The new program will recognize schools that exemplify best practices in involving parents and forming community partnerships, providing opportunities for professional development and collaboration for their staffs, creating learning environments that are focused on students, and exhibiting school leadership.

The program also will recognize schools that can show “exemplary results” in student learning, as measured by standardized achievement tests and dropout rates.

The school system’s research department will notify schools of their eligibility to participate, based either on their students’ scores on the Iowa Test of Basic Skills or on the Illinois Goals Assessment Program.
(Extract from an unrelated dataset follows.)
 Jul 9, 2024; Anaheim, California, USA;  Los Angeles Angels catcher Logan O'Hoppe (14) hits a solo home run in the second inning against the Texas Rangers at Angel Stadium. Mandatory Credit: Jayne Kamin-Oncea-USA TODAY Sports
Schools also may apply using other evidence to show progress.

Schools will be judged on the progress of students who have attended them for two or more years.

They can demonstrate that by meeting or surpassing national norms on the Iowa test between the 1987-88 school year, the benchmark year when the reform law was passed, and the 1994-95 school year.

Schools that compete for recognition on the Illinois test must show that their students’ scores substantially exceed those in schools serving similar types of students.

High schools will be judged on how many students take and pass challenging math and science courses and on their progress in cutting the dropout rate.

To win recognition and money under the program, schools must be able to clearly explain how they have achieved gains in student achievement or how they put together a high-quality professional-development program, for example.

Judges will visit the schools before announcing the awards this spring. Schools will receive between $11,000 and $23,000 each this school year and between $35,000 and $75,000 next year to cover release time for teachers and pay for workshops, materials, and various dissemination activities.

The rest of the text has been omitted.